Hiccups in the cryptocurrency market ahead, the Libra Association and its components have continued their relentless battle against regulators as the cryptocurrency project looks to get off the ground.
Amid ever-growing regulatory tension, David Marcus, the co-creator of Libra and the head of Facebook’s blockchain division, has asserted that blockchain-based payments ecosystems are needed in today’s world.
Blockchain Payment Protocols Only True “Game Changer”
For many living in the western world, the fiat money system in place is fine. Millions of people in places like the United Kingdom and the United States have access to financial services that are easy to use and are price and time-efficient. Transactions made with card are cheap, many are free to invest what capital they have in equities markets to grow their wealth, and money can be sent to global entities within minutes through a platform like PayPal.
But, it isn’t like this for everyone. Those without a proper address, personal identification details, and characteristics/backgrounds that may be deemed “suspicious” by institutions are shut out of the banking system. Bitcoin educator Andreas Antonopoulos has told a story of an Iranian individual who has no affiliation to the country, having moved to America at a young age, that is unable to get access to a bank account specifically due to his background.
To underserved individuals like the aforementioned, the fiat system isn’t working. This is why many believe Satoshi created Bitcoin; this is also why Facebook teamed up with some of the world’s largest corporations to build Libra, according to a recently-published blog post from David Marcus anyway.
In this extensive blog, Marcus asserted that Libra is integral in “changing the game for people”.
The former PayPal president firstly noted that using “existing [financial] rails” to build a fintech application “won’t reduce cost, open up the market to more innovation, nor lower the barrier of access to modern financial services as much as building a new infrastructure with a very stable, high quality global medium of exchange supporting it.”
Marcus then explained that Libra is an optimal solution to improve the financial system today, citing the fact that the blockchain will “enable wallets, merchants and services from all over the world to move value around at an incredibly low cost.”
This financial freedom, Marcus believes, will “greatly lower” the barrier of access to modern digital money and financial services, thus benefiting billions across the globe, who in turn will result in greater economic growth.
Libra Threatens Monetary Policy?
Regulators across the globe have seemingly paid no heed to Marcus’s points that Libra will only be a net benefit to the global economy. So little heed, in fact, that regulators and monetary authorities the world over have continued to bash the project as they believe it threatens fiat.
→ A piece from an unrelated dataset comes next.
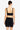 Woman wearing a black bikini top and sarong on a white background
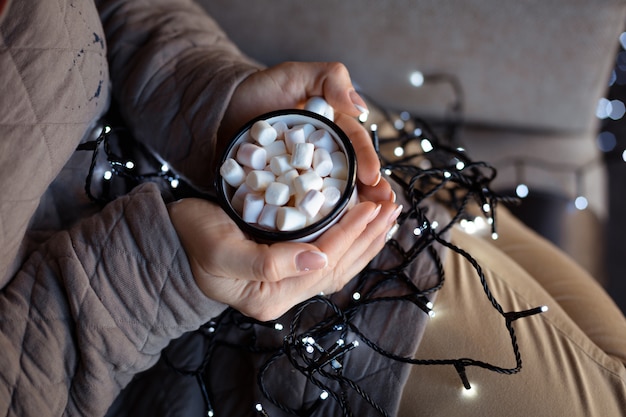 Una donna in abiti caldi con una ghirlanda di Natale in ginocchio si scalda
Earlier this month, the French finance ministry revealed to Reuters that both France and Germany — yes, the governments of those two E.U. behemoths — would be blocking Facebook’s Libra from being developed in their nations.
They asserted that “no private entity can claim monetary power, which is inherent to the sovereignty of nations.” It is also believed that France and Germany for Libra to be banned throughout the entirety of the Eurozone.
What’s funny is that some believe that the E.U.’s aversion to Libra is a sign of their lack of faith in the euro. Cathie Wood, the chief executive of disruption-centric portfolio manager/markets research firm ARK Invest, wrote that these moves to stave off Libra’s launch may be out of fear of the “long-term viability of the euro”.